Passion or Suffering
I’m sitting here, outside of a 45 person yoga class I just checked in. I feel scattered. Torn between going out to get food and continuing my hunt for interesting and amazing writers on the internet.
I got started on this brain path when a woman came in this morning and refused to fill out any of the new student waiver except her signature and date. I was so curious I looked her up. I found out that she has an online presence and an offline presence in the world. And it had me question — is she paranoid about random people having her info? Are we (am I) naivve for giving out my info so casually?
And that’s as far as I got on that train. Because I got side swiped by another thought— I want to be a seeable, hearable presence online and in the world. So now I’m looking at what are these big presences doing that I am not. And the answer I got is the answer I always get which is — leaning into the fear! Every time.

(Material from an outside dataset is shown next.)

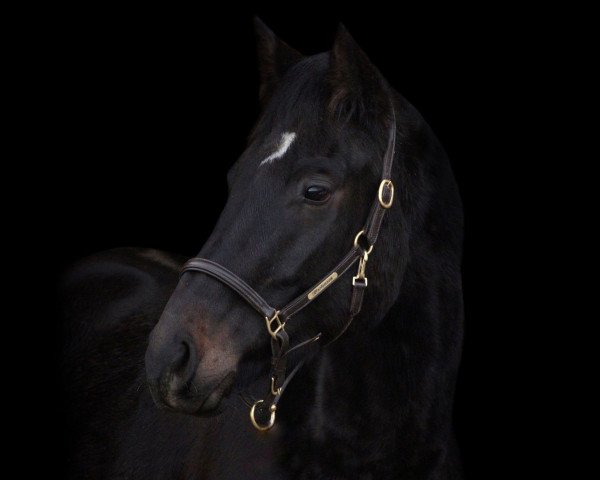 dressage horse Mortensen (Oldenburg, 2020, from Maracana)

I’m a passionate person. And I have many moments where I see I want to say something, or do something out of the norm. When I do the thing, life opens up. It’s like magic on crack. When I don’t do the thing, my life continues on quietly and easily, with low to moderate levels of silent suffering. If I am going through this, and I am a pretty expressive person, I can only imagine what others are going through.

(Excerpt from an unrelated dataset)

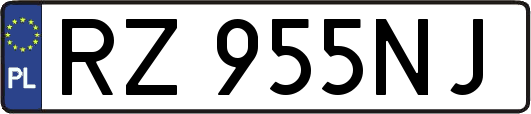 RZ955NJ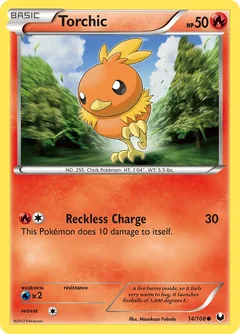 Torchic 14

The root of the word ‘passion’ is ‘suffering’.
I learned this because I found out just how much being a passionate woman defines me.
So I looked up the word. The first definition of passion is: strong and barely controllable emotion. The second definition is: the suffering and death of Jesus. (Who, I think we can safely assume, was an intensely passionate person.)
The definition of suffering is: the state of undergoing pain, distress, or hardship.
I think that suffering is one experience of passion. Passion is a fact of life, like having a body and breathing. Suffering happens when the flow of passion is stifled in any way. It ccould be extremely painful. Or it could just be directionless apathy. It depends on how committed to your passion you are. If you’re all in, you experience restriction intensely. If you only partly leaned in, it’s like the little tickles of a candle flame — slight discomfort.